Clear Sky Science · en
Working face status detection in coal mine based on YOLOv8-EST
Smarter Eyes Underground
Modern coal mines are packed with powerful machines working in dark, dusty tunnels where human visibility is poor and safety margins are tight. This study introduces a new artificial intelligence (AI) system, called YOLOv8-EST, that helps mines continuously “watch” the working face—the area where coal is actively being cut—and automatically judge whether key machines are operating normally. By doing this quickly and accurately on limited on-site computers, the system aims to boost safety and efficiency without needing a room full of high-end servers.

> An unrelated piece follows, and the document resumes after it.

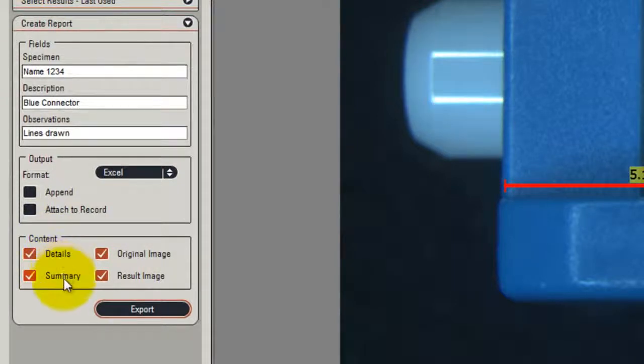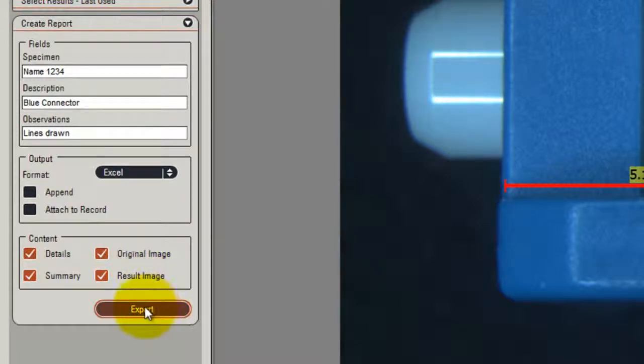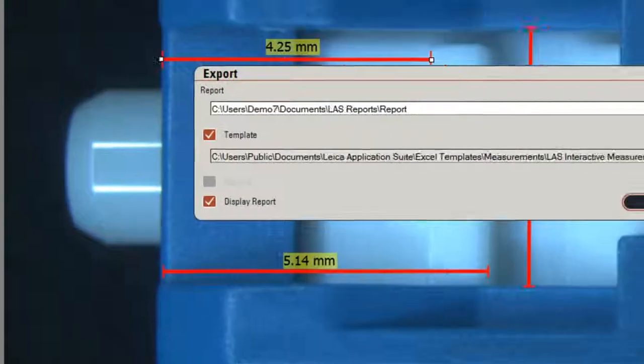I want to export all the content, the details, the summary data, that is the statistics, the original image and the result image. Then all I have to do is click Export.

Why Watching the Working Face Matters
China is the world’s largest coal producer, and its mines are under pressure to be safer, cleaner, and more efficient. At a fully mechanized working face, a rotating cutting drum slices coal from the seam, while scraper and belt conveyors carry it away, and spray systems suppress dust. If any of these components fail or behave abnormally, production can slump and accidents can happen. Traditional monitoring relies heavily on workers’ experience and simple sensors, which struggle in conditions with low light, drifting dust, glare, and frequent occlusion by moving equipment. The authors define “working face status detection” as the real-time identification of normal and abnormal states of these key components, using only video images—an attractive path toward truly intelligent mines.

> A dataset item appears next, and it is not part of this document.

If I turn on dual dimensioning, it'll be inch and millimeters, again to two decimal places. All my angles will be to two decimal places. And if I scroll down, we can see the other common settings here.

Limitations of Existing AI Vision in Mines
Recent years have seen a surge of success in AI-based object detection, particularly with fast systems such as the YOLO (You Only Look Once) family of algorithms. These models can spot and label many objects in an image in a fraction of a second. However, most improvements in accuracy have come from making networks deeper and heavier, which demands more computing power than is usually available at the coal face. Alternative detectors like Faster R-CNN, RetinaNet, EfficientDet, and Transformer-based systems can be very accurate, but they are often too slow or too resource-hungry for harsh and dynamic underground settings. In addition, standard models are not tailored for the special visual problems in mines—extreme contrast, swirling dust, partial views of machinery, and ever-changing backgrounds.

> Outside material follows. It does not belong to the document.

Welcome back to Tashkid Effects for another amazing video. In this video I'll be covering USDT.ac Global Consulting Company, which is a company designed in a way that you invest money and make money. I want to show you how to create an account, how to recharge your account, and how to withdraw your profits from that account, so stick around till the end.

A Lean but Powerful Detection Engine
To tackle these constraints, the researchers build on YOLOv8, a recent real-time detector, and redesign it specifically for coal mining, creating YOLOv8-EST. The core idea is to add smarter feature-processing components without bloating the model. First, they insert Swin Transformer blocks—modules that use attention within small image windows and across shifted windows—to capture both local detail and longer-range patterns, such as the shape of a conveyor line or the outline of a shearer body. Second, they improve how the model understands spatial relationships by generating relative position encodings with a small deep network instead of simple linear formulas, helping it tell, for example, whether a spray plume is correctly aligned with a cutting drum. Third, they introduce a modified activation function called GELUS, which is mathematically tuned to respond smoothly yet efficiently to the kinds of noisy, low-contrast signals common in mine images, reducing computation while keeping learning stable. Finally, an EMA attention module uses an exponential moving average strategy to blend current and past feature information, helping the network focus on truly important regions and damp down noisy, flickering backgrounds.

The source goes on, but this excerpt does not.